Background and hypothesis: Sodium-glucose cotransporter 2 (SGLT-2) inhibitors (SGLT2i) improve kidney and cardiovascular outcomes in patients with diabetes and chronic kidney disease (CKD). Since complement system precursors are aberrantly filtered and activated in conditions with albuminuria, it was hypothesized that SGLT2i lower plasma collectins and attenuate intratubular complement activation and deposition in patients with CKD.
Methods: Patient plasma and urine samples were analyzed from three randomized, blinded, cross-over intervention studies where patients with type 2 diabetes mellitus (DM) and CKD (DM-CKD, n=17), DM without CKD (DM, n=16), and CKD without DM (CKD, n=16) were given empagliflozin (10 mg/day) and placebo for four weeks with a washout of at least two weeks in-between. ELISA was used to determine concentrations of collectin kidney 1 (CL-K1), collectin liver 1 (CL-L1), mannose-binding lectin (MBL), MBL-associated serine protease (MASP-2), anaphylatoxins C3a and C5a, stable C3 split product C3dg and the membrane attack complex (sC5b-9) in urine and plasma. Apical deposition of membrane-bound C5b-9 was determined in isolated extracellular vesicles (EVs) from urine by western blotting (n=5). A paired two-tailed t-test was used to determine statistical significance between the treatments in each group. Non-normal distributed values were reported as median [interquartile range]. The studies were approved by the Ethical Committee of the Central Jutland Region and the Danish Health and Medicine Authority. The collection of samples was performed in accordance with the Helsinki Declaration, the EU Directive on Good Clinical Practice (GCP), and International Conference of Harmonization (ICH-GCP) guidelines and all participants gave written informed consent before inclusions.

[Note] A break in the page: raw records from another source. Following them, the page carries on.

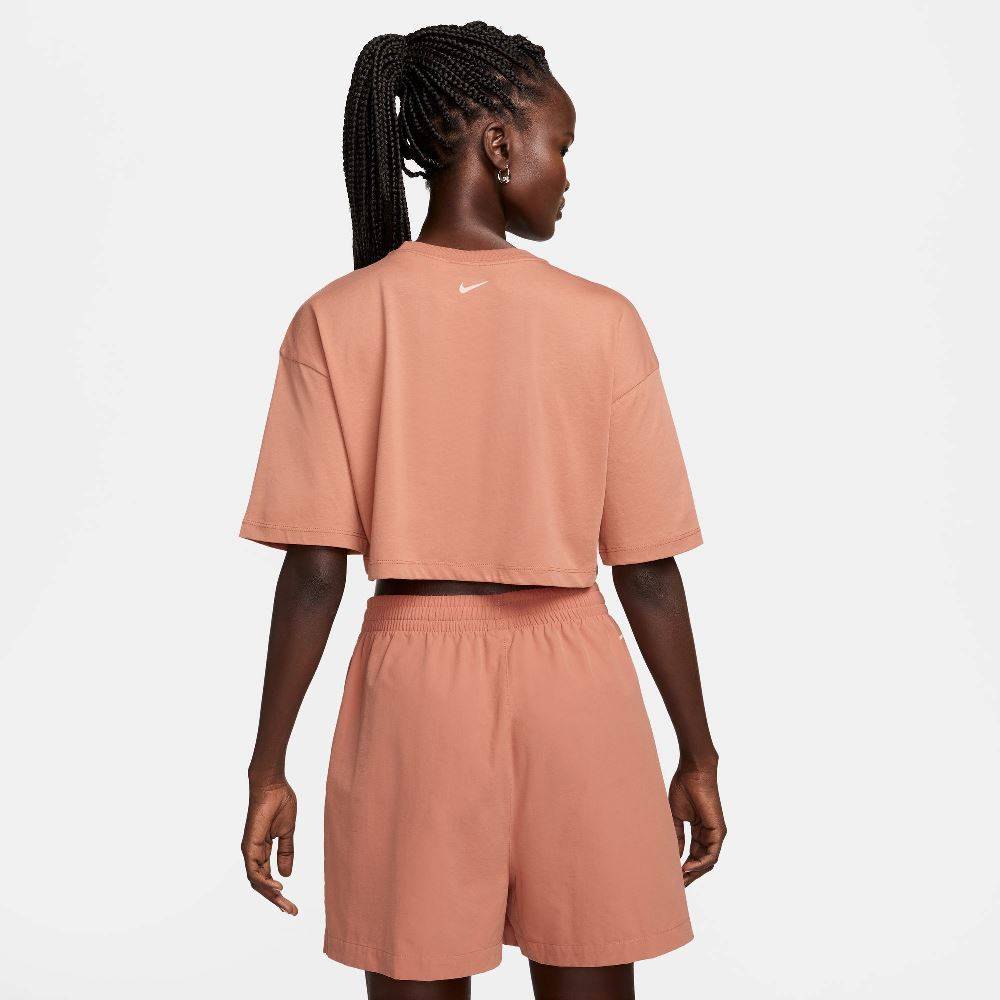 NIKE SPORTSWEAR WOMENS CROPPED TEE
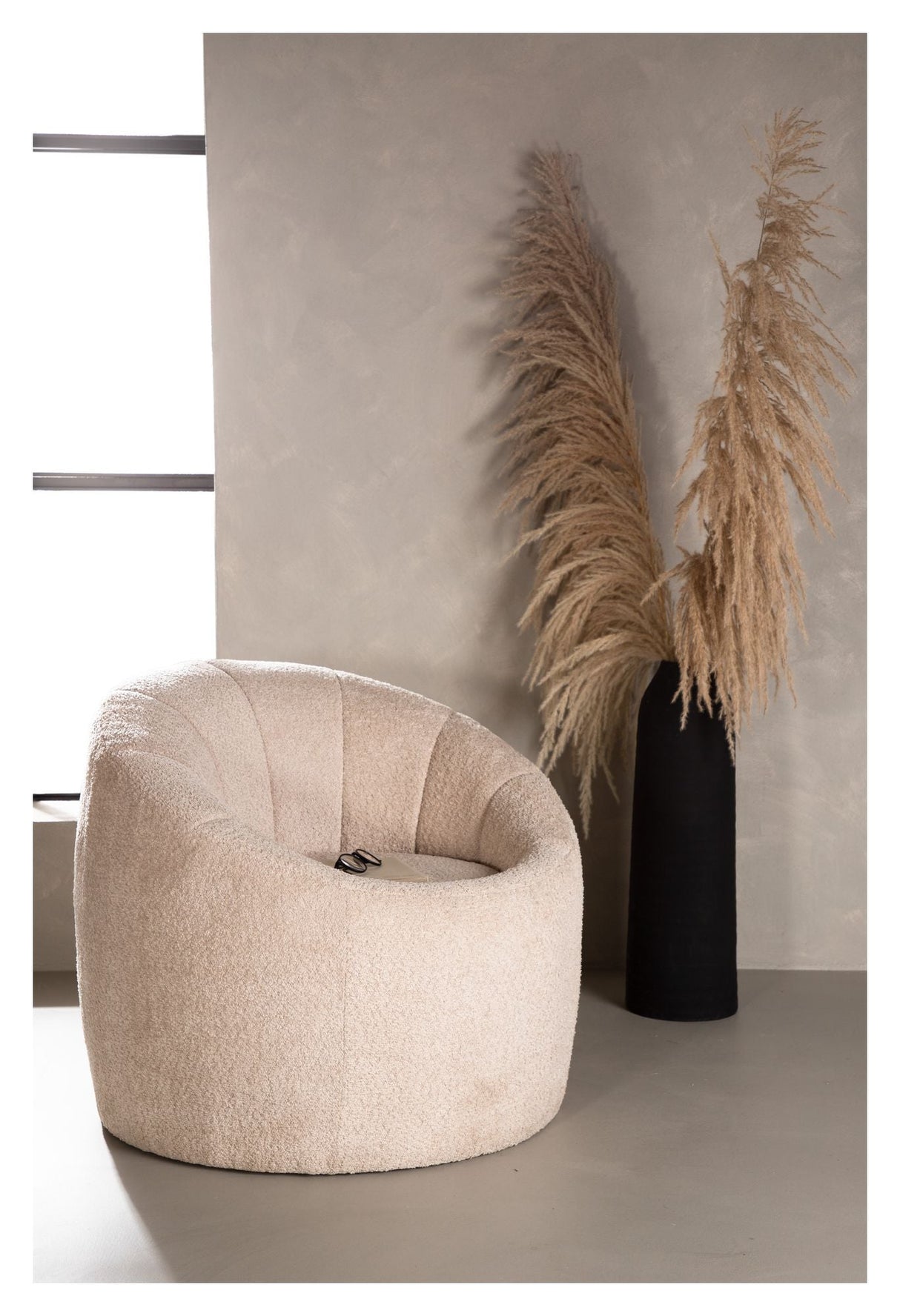 Warren Loungestol - Beige Bouclé - Unoliving.com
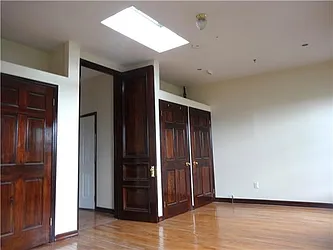 Rented by R New York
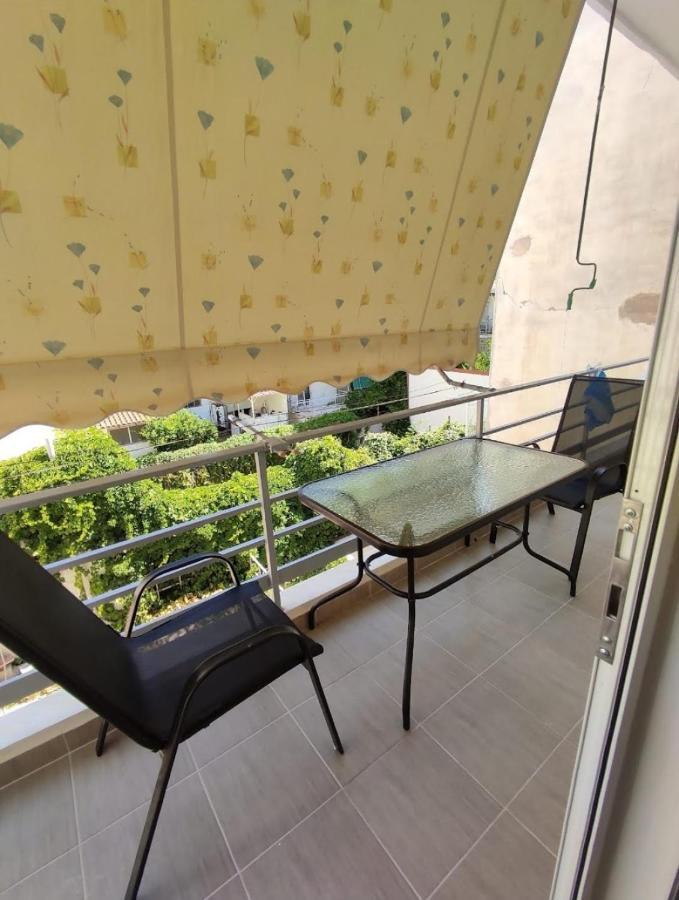 Λουτράκι Κέντρο Apartment Екстериор снимка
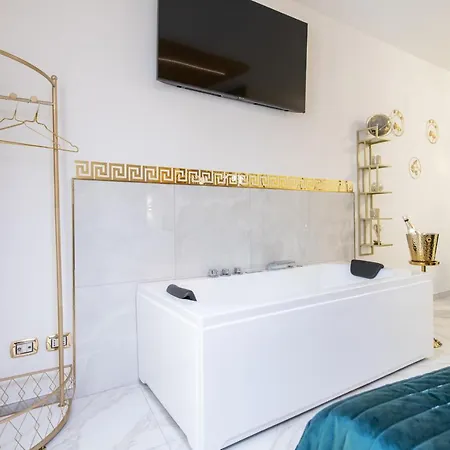 Fashion Gold With Jacuzzi & Car Garage * ボローニャ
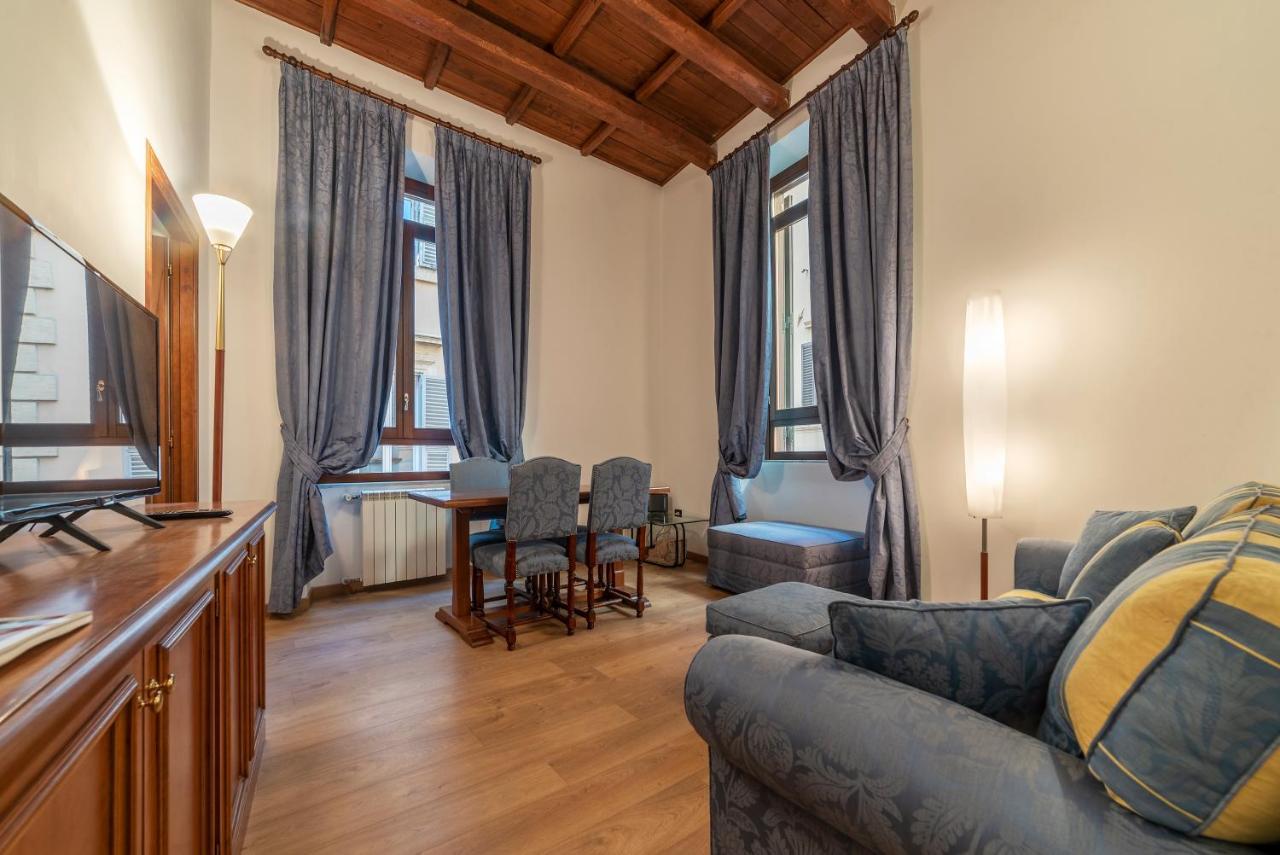 Apartment Piazza Di Spagna Elegant Rome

Results: Empagliflozin induced no change in plasma levels of CL-K1, CL-L1, MBL, MASP-2, C3a, C5a, and C5b-9 while C3dg levels increased (18%, 114.1 [91-139] vs. 131.9 [98-157] units/mL, p=0.03) in DM-CKD. Collectins were not detectable in protease-inhibited spot urine or in ex vivo up-concentrated urine. Empagliflozin decreased urine C3a/creatinine ratio in the DM (32.5%, 5.7 [2.6-15] vs. 4.1 [1.8-6.4] ng/µmol, p=0.01) and DM-CKD groups (58.3%, 5.1 [3.6-238] vs. 4.7 [2.0-105] units/µmol, p=0.012), whereas urine C5a- and C3dg/creatinine ratio did not change. Urine sC5b-9/creatinine decreased significantly (45%, 0.9 [0.1-17] vs. 0.4 [0.1-12] units/µmol, p=0.02) after empagliflozin but only in the DM-CKD group. This was recapitulated in urine EVs by immunoblotting for C5b-9. Empagliflozin reduced the urine albumin/creatinine ratio in the DM-CKD group (24.5%, 201 [62-1130] vs. 164 [44-719] mg/g, p=0.02).
Conclusion: While SGLT2i do not lower plasma concentrations of collectins and complement activation products, they significantly reduce indices of intrarenal complement activation and membrane deposition in patients with DM and DM-CKD. Thus, SGLT2 inhibitors may protect kidneys in diabetic patients with CKD by reducing complement-induced tubular injury.